Di tulisan sebelumnya sudah kita bahas, alasan kenapa seorang guru bisa kehilangan rasa hormat dari siswanya yang pada akhirnya berakibat pada sulitnya sang guru mengatur dan mendisiplinkan siswa siswanya di dalam kelas. Kita juga akhirnya paham bahwa seorang guru yang terlalu banyak menggunakan candaan, lucu lucuan, dagelan, banyolan untuk menarik hati siswanya bisa berbalik menjadi petaka bagi guru itu karena candaan yang terlalu banyak ternyata mendangkalkan rasa hormat siswa pada gurunya. Terlebih kalau candaan ataupun dagelan yang dilontarkan sang guru adalah dagelan dengan konten pornografi, tidak butuh waktu semenit-dua menit, tapi saat itu juga guru akan langsung tidak dihormati oleh siswanya.
Guru bisa juga kehilangan rasa hormat dari siswanya bila guru terlalu mengandalkan superioritas dia di dalam kelas. Guru yang kurang pengalamannya, tidak terlalu percaya diri dan grogi menghadapi siswa siswanya di dalam kelas, sering kebingungan bagaimana sebaiknya bersikap di depan siswa siswanya. Guru ini akan serba salah. Guru yang rasa percaya dirinya nyaris habis, biasanya tiba tiba memilih nampak lucu untuk menutupi kelemahannya, dan kasus di tulisan sebelumnyalah yang terjadi. Guru yang masih agak tebal rasa percaya dirinya, untuk menutupi rasa grogi dan ketidaktahuannnya bagaimana harus bersikap, akan memilih sikap “jaim” , menunjukkan superioritasnya di depan para siswa.
Guru yang merasa harus menggunakan posisi superioritasnya seperti ini, biasanya bicaranya pendek pendek, ketus, sok galak dan sok berwibawa. Sikap seperti ini sejak awal ditunjukkan sudah akan membawa aura perang dan kemarahan di dalam kelas. Guru terasa menyebalkan bagi siswa dan tertantang untuk menentang guru tersebut. Jadi sikap guru yang sok galak, sok berwibawa akan memicu timbulnya pemberontakan siswa di dalam kelas. Dari sini mulailah ada satu dua siswa yang mulai susah dikendalikan oleh guru, dan yang kalau tidak segera disadari oleh guru dan mengubah sikapnya, maka seluruh kelas akan menjadi pemberontak. Kemudian ruang kelas akan menjadi kacau, di mana guru bisa dipastikan akan gagal mengajar.

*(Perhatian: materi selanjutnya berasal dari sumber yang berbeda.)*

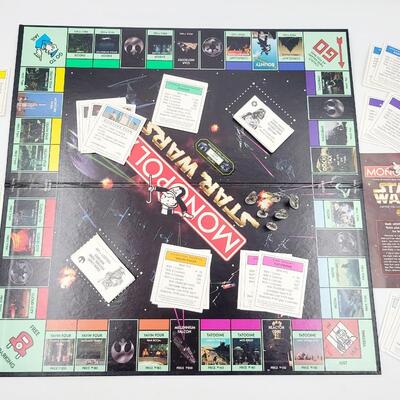 STAR WARS MONOPOLY GAME W/ PEWTER PLAYING PCS.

Kegagalan mengajar sebagai tugas pokoknya akan membuat guru tertekan secara mental tentu saja. Sementara kegagalan dia menenangkan siswa dalam kelasnya pasti akan berdampak pada kepanikan dia. Karena sejak awal guru ini mengandalkan superioritasnya maka, bisa ditebak yang akan dia lakukan untuk menenangkan siswanya adalah dengan bentakan dan ancaman. Nah bentakan dan ancaman ini bisa jadi pedang bermata dua. Bisa jadi siswanya sedikit tenang mendengar ancaman tersebut, tapi bisa jadi saking muaknya siswa pada si guru, siswa sudah tak peduli lagi dengan ancaman guru. Justru ulah siswa makin menjadi jadi, makin liar dan makin tak bisa diatur. Hilanglah seluruh kehormatan guru. Rasa hormat siswa pada gurunya tak tersisa, dan guru bukan hanya gagal mengajar pada hari itu, tapi akan gagal sepanjang semester yang dia lalui atau bahkan akan gagal selamanya. Jadi walau benar, guru adalah pemegang otoritas kelas, guru adalah superior di dalam kelas, tapi tetap saja, guru harus hati hati dalam menggunakan superioritas dan otoritasnya di dalam kelas.
Lagi pula, walau mungkin dengan ancaman, guru bisa menenangkan siswa dan mengembalikan merek pada tugas belajarnya, tetap saja guru tidak seharusnya mengeluarkan ancaman bagi siswanya untuk mendapatkan kepatuhan. Perlu diingat kepatuhan siswa karena ancaman, itu sifatnya sementara. Di lain hari mereka akan membawa kekacauan yang lebih besar dan lebih terencana bagi gurunya. Selain itu dengarkan juga nasihat Kohn, 1994, ancaman sebagai strategi menenangkan dan membuat patuh siswa tidak akan membantu siswa membuat keputusan yang etis dan bijaksana tentang perilakunya karena keputusan yang diambil siswa karena rasa takut, bukan atas kesadaran.